Table 2. Compared Performance on Six Graph Classification Datasets

We report the mean and the standard deviation of prediction accuracy over five runs (in \(\%\)) with different random seeds. The best results are displayed in bold.

—

By comparing four graph kernel approaches, we observe that their performance has a huge variance on different datasets. For example, DGK performs best on bioinformatics datasets but performs much worse than WL on social network datasets. Perhaps the reason is that hand-crafted embeddings is different to connect with underlying graph semantics, since they cannot be learned automatically.

—

Graph contrastive learning approaches typically outperform kernel methods and classic unsupervised learning approaches (i.e., Sub2vec and Graph2vec). We conclude the reason is that graph contrastive learning approaches are capable of capturing more discriminative information from graph-structured data using prior information, demonstrating the potential capability for learning effective graph-level representations.

—

Our framework GraphACL obtains the best performance consistently against baselines on all datasets, which validates the effectiveness of the proposed GraphACL. In comparison to the state-of-the-art method RGCL, the improvement of performance on MUTAG and COLLAB is 2.53% and 4.71%, respectively. Considering that the graph dataset has a very huge variance for different types, our improvement is very significant.

—

Our extension GraphACL\(^*\) obtains a slight performance gain compared with GraphACL on most datasets. This observation may result from that the asymmetric architecture empirically benefits the optimization of contrastive learning [22]. Therefore, we utilize GraphACL\(^*\) as the default in the following analysis.
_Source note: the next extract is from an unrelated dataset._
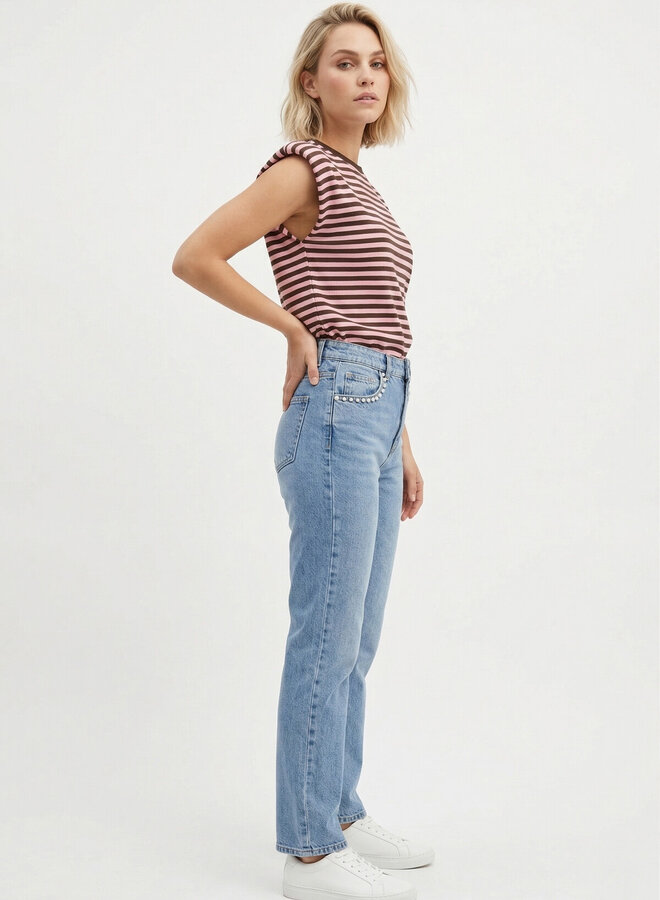 Gestreepte top schoudervulling bruin roze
Discussion on the Remarkable Improvement. Although graph contrastive learning has been widely explored in previous works, negative mining strategies are under-explored for learning discriminative graph-level representations. Obviously, uninformative and low-quality negatives will hugely misguide the optimization of contrastive objective, while our GraphACL introduces two key components to tackle this issue: (i) the introduction of an adversarial generation branch (the adversarial generation branch is trained in an adversarial manner, which is capable of producing informative negative samples to enhance contrastive learning) and (ii) the introduction of two bank regularization losses. The two losses aim to increase the diversity and decrease the correlation of learned representations, alleviating the ill-conditioned issue that may occur in the optimization process.

5.3 Ablation Study (RQ2)

To figure out the key role of each component in our model, we perform ablation studies to study their contribution. Particularly, we design the following model variants:

—

Variant-1: We do not produce both bank divergence loss and bank orthogonality loss (i.e., \(\lambda _1=\lambda _2=0\)), and the model is trained only through adversarial learning.

—

Variant-2: The bank divergence loss is removed (i.e., \(\lambda _1=0\)).

—

Variant-3: The bank orthogonality loss is removed (i.e., \(\lambda _2=0\)).

—

Variant-4: The gradient ascent of graph contrastive loss in Equation (9) is removed and the adversarial generation branch is trained with only two bank regularization losses.

—

GraphACL+: The generated negative samples are combined with other negative samples in the current minibatch to serve as negatives.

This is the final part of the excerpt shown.